● Exercise requirements: Transcribe exactly, and only, the lines from the one with "ON TOP OF THE WORLD - Residential" through the end of the records below, including both of those lines. Skip all pictures.

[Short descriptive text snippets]

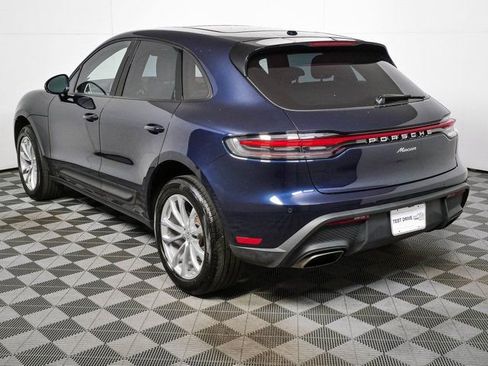 Certified 2022 Porsche Macan AWD/4WD image 3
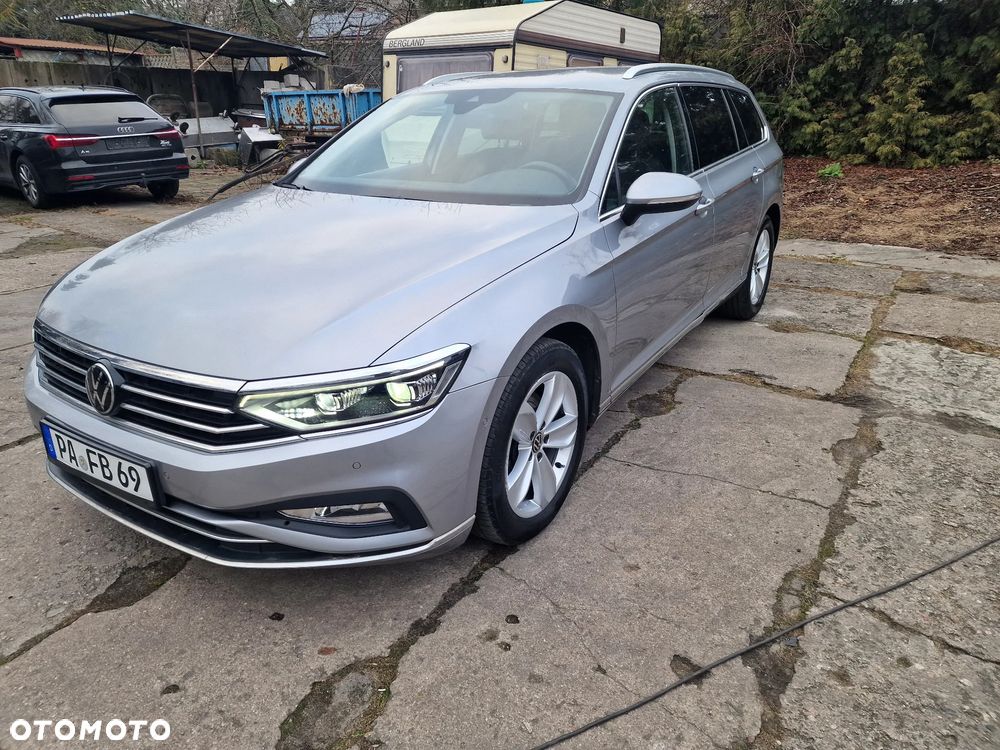 Volkswagen Passat 2.0 TDI SCR DSG Business - 3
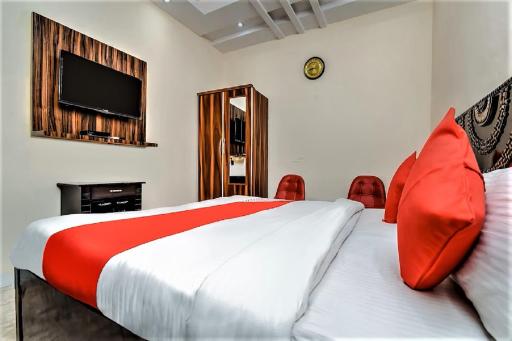 Florence Residency & Riviera Inn - Housity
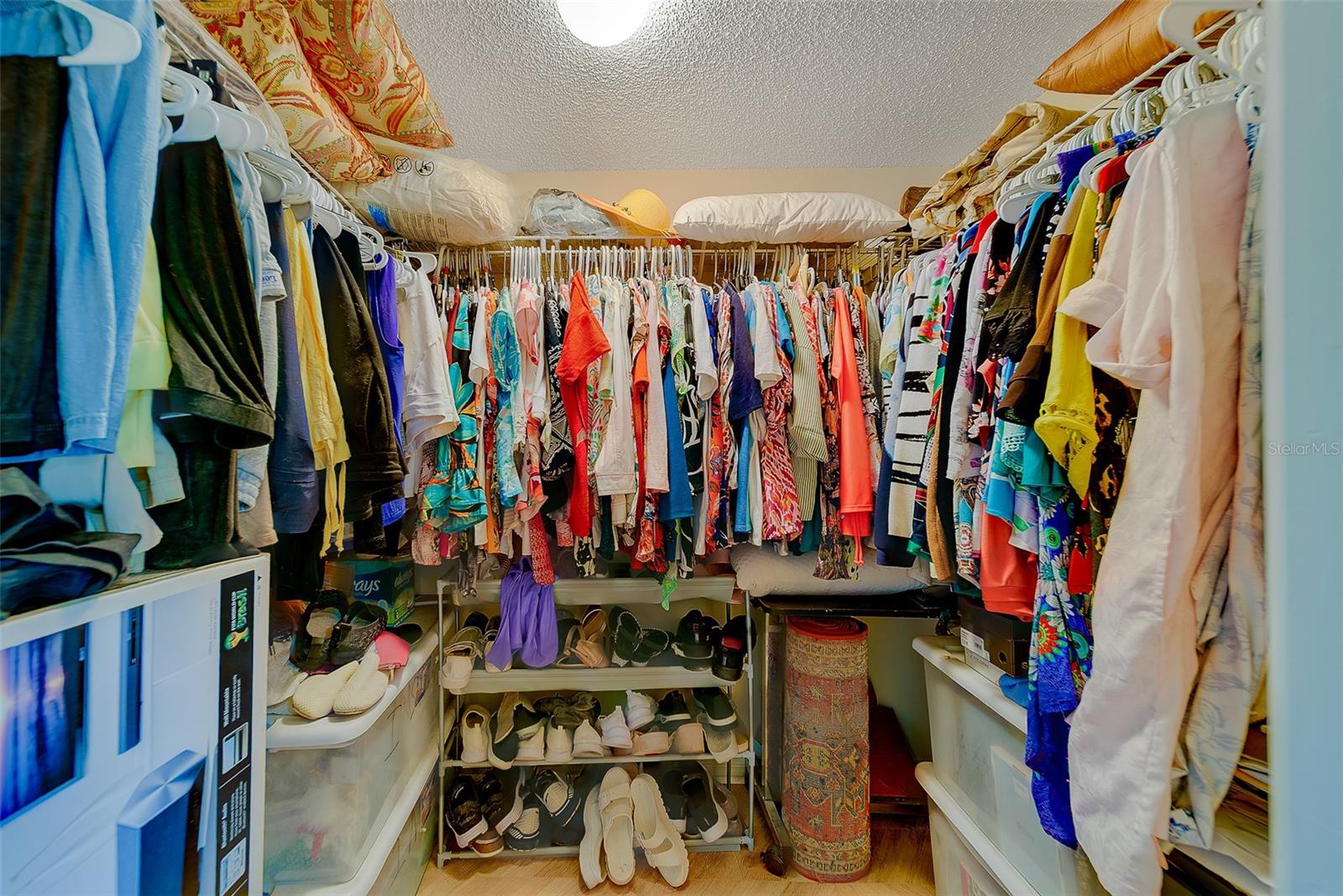 ON TOP OF THE WORLD - Residential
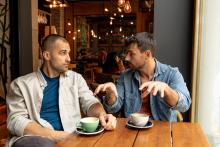 Виц: Как преживяваш буриите в брака?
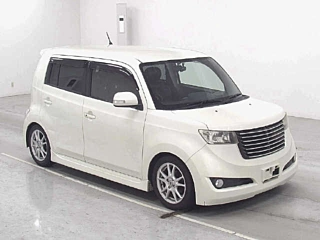 TOYOTA BB 2011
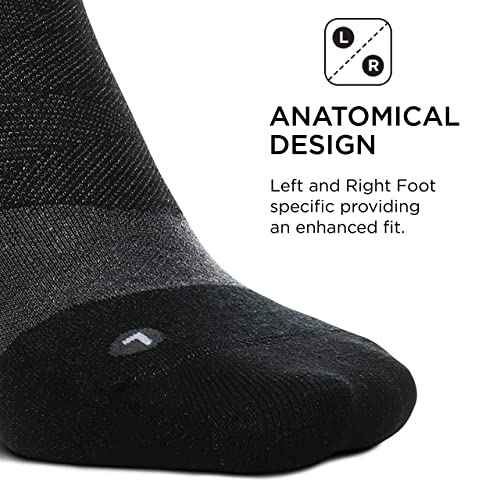 Feetures Merino 10 Max Cushion Crew Sock - Wool Socks for Women & Men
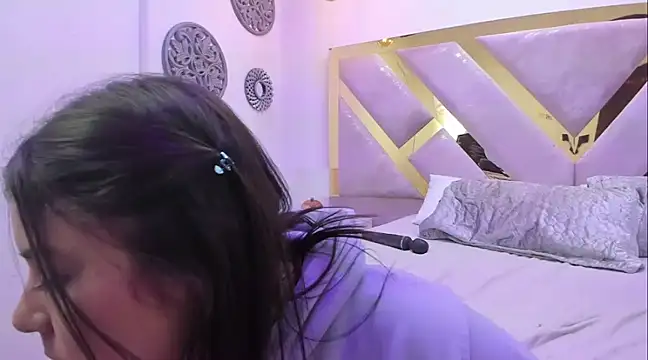 Oriana Guzman online show from 12/24/24, 06:50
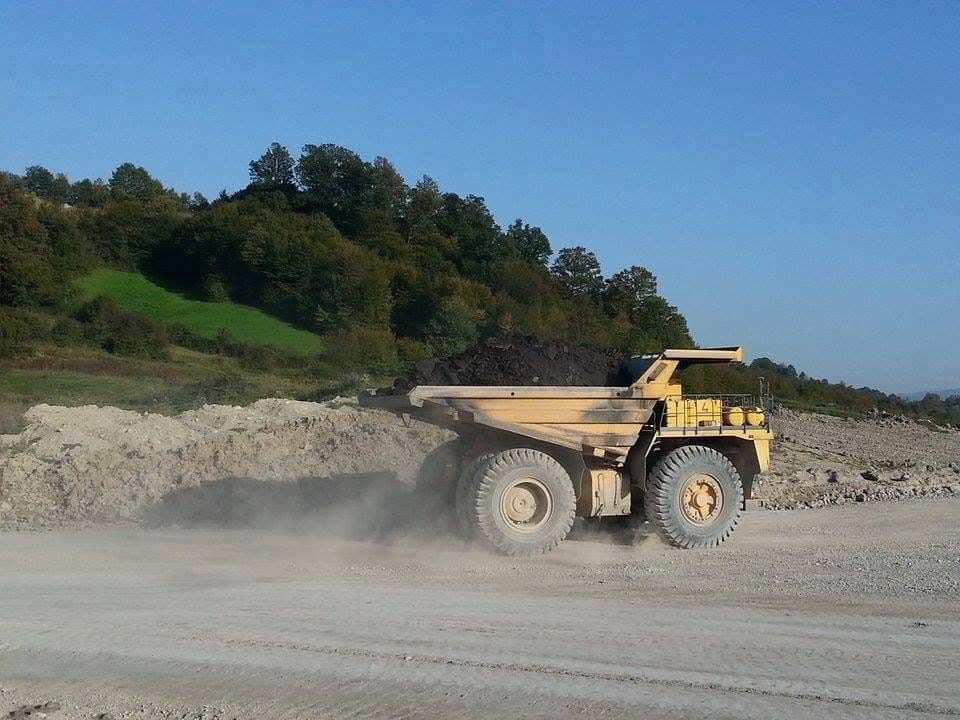 borovac Nastavljena ulaganja u putnu infrastrukturu u Banovićima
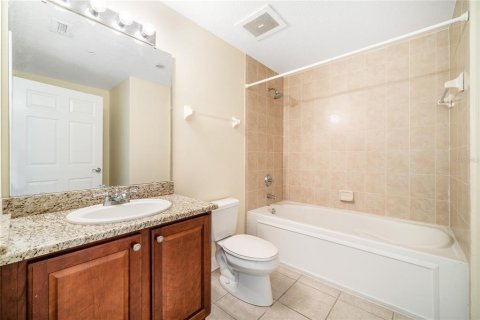 Condo in Sanford, Florida, 3 bedrooms  № 1732906 - photo 15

● Your solution:
 ON TOP OF THE WORLD - Residential
 Виц: Как преживяваш буриите в брака?
 TOYOTA BB 2011
 Feetures Merino 10 Max Cushion Crew Sock - Wool Socks for Women & Men
 Oriana Guzman online show from 12/24/24, 06:50
 borovac Nastavljena ulaganja u putnu infrastrukturu u Banovićima
 Condo in Sanford, Florida, 3 bedrooms  № 1732906 - photo 15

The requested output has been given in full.